Abolition des privilèges , suite et fin.
Hier nous parlions d’alléger le nombre de ministères et de secrétariats d’Etat et de rendre ainsi au marché (sous forme de location de 49 ans renouvelable ou de 98 ans non renouvelable) les hôtels particuliers qu’ils occupent (les oeuvres d'art qu'ils contiennent étant, bien entendu, envoyées dans les musées). De façon générale, la France est avec l’Italie (qui l’a imitée en fait) le seul pays qui loge ses ministres et leurs équipes comme des princes. Sur le fond ce n’est pas des plus efficaces, c’est même assez peu productif. Pourquoi ne pas faire ce travail de bureau dans des immeubles de bureaux. Poser la question c’est y répondre. La colonisation du faubourg Saint-Germain par les ministères s’est faite tout au long des deux derniers siècles. Elle a fait suite à la révolution et aux différents mouvements révolutionnaires du XIXe siècle et c’est comme si plus la nation s’éloignait de l’ancien régime, plus les nouveaux maître de l’Etat en voulait investir les lieux de pouvoir ou de résidence. A tel point qu’après la guerre il n’était plus envisageable que le moindre secrétariat d’Etat fût installé ailleurs que dans un palais (que nous nommons hôtel mais que les italiens nomment Palazzo) du XVIIe ou du XVIIIe.
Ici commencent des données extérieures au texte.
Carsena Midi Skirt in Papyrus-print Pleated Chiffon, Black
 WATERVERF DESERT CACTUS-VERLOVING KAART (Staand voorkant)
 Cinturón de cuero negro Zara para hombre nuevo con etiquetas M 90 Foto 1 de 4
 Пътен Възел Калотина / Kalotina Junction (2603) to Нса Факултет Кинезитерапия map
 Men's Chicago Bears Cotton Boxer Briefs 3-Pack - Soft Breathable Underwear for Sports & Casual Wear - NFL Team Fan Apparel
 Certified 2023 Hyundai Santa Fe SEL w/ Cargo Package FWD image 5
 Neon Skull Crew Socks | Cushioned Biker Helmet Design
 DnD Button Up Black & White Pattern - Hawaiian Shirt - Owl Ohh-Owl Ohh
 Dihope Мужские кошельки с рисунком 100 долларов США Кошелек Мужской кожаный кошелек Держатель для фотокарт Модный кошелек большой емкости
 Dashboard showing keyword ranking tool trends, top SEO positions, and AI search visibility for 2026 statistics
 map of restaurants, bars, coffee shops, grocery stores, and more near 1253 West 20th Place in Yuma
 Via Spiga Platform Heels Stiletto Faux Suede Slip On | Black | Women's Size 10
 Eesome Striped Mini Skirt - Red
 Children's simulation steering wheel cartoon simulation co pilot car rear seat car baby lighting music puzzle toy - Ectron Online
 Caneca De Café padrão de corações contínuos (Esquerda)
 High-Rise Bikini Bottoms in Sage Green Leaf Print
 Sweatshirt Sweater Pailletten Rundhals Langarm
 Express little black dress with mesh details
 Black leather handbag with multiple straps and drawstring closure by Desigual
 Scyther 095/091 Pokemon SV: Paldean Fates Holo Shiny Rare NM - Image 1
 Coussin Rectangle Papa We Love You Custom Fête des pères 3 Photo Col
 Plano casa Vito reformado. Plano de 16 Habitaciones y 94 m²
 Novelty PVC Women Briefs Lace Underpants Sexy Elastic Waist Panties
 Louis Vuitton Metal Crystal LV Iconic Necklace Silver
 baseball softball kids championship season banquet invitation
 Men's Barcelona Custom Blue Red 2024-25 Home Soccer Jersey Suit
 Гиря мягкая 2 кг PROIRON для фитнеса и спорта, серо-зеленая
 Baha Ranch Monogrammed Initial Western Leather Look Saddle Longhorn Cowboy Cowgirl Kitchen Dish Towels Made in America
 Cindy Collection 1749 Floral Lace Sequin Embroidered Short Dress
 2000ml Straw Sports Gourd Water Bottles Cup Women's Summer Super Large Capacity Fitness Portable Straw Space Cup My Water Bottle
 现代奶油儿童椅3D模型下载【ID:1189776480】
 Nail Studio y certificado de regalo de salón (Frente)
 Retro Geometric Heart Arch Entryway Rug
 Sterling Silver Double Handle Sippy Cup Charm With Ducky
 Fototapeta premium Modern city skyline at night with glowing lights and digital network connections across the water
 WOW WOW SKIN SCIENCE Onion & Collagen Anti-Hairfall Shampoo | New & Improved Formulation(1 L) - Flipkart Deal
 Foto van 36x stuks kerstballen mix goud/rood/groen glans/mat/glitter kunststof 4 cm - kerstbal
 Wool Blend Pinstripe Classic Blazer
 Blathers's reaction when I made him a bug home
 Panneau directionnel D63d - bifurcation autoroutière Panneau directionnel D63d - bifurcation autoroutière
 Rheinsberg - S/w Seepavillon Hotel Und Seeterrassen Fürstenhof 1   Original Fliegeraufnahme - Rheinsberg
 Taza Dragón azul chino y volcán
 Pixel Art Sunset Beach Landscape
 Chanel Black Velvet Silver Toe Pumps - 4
Supprimer des ministères remettra donc des hôtels somptueux et leurs jardins sur « le marché ». Qu’en faire ? D’abord, rappelons un principe simple, il n’est pas question de les dégrader, ni leur architecture, ni leur décor lorsqu’il est préservé, ni leurs jardins. Nous avons fait assez d’erreurs comme cela, tout au long des deux derniers siècles et jusque dans les années 70. Considérant le respect qui est dû à ces bâtiments magnifiques et pour certains historiques ils peuvent devenir, sous formes de concession de 49 ou 98 ans, soit des hôtels de luxe, et ils placeront à eux seuls Paris au sommet des destinations de la clientèle internationale fortunée , soit des lieux d’exposition ou de réunions pour de grandes fondations culturelles françaises ou étrangères, soit des lieux de résidences pour de grandes fortunes à la condition expresse que les locataires y résident plus de 150 jours par an. Cette condition de durée de résidence peut paraître un détail, elle est nécessaire pour éviter une dérive bien connu : le VIIe arrondissement devient progressivement un désert du fait des investissements immobiliers étrangers, ces propriétaires d’un genre nouveau, ne résidant pas plus de 15 jours par an dans « leur appartement ». Ces hôtels et ces palais privés rendraient au quartier et à la capitale en générale un lustre incomparable.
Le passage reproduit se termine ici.